Records shown:
++++
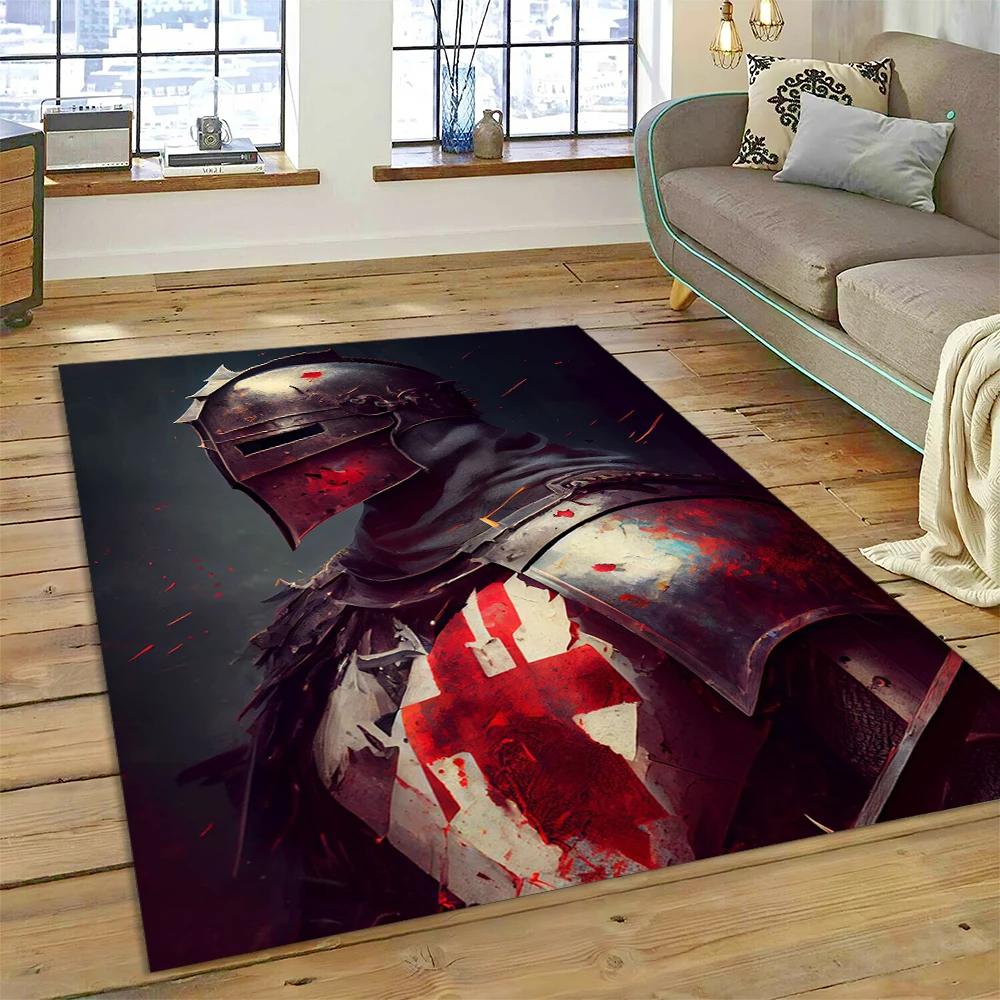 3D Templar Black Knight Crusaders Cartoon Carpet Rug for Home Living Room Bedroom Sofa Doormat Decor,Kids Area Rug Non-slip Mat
++++
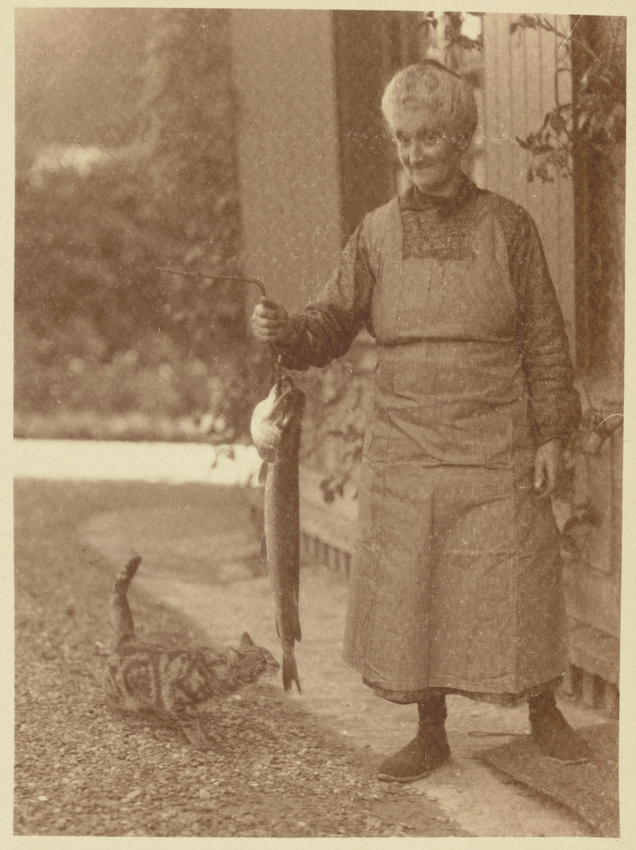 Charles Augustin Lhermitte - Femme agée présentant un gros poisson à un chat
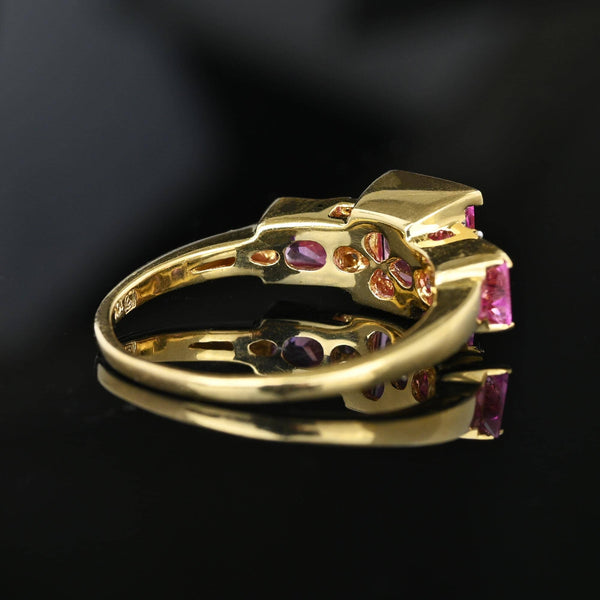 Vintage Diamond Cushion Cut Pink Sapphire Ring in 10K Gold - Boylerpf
++++
The problem: Keep to the lines above from the line with "Charles Augustin Lhermitte" to the line with "Vintage Diamond Cushion", and set down exactly those, inclusive, with nothing else and every picture left out.

Exercise answer:
 Charles Augustin Lhermitte - Femme agée présentant un gros poisson à un chat
 Vintage Diamond Cushion Cut Pink Sapphire Ring in 10K Gold - Boylerpf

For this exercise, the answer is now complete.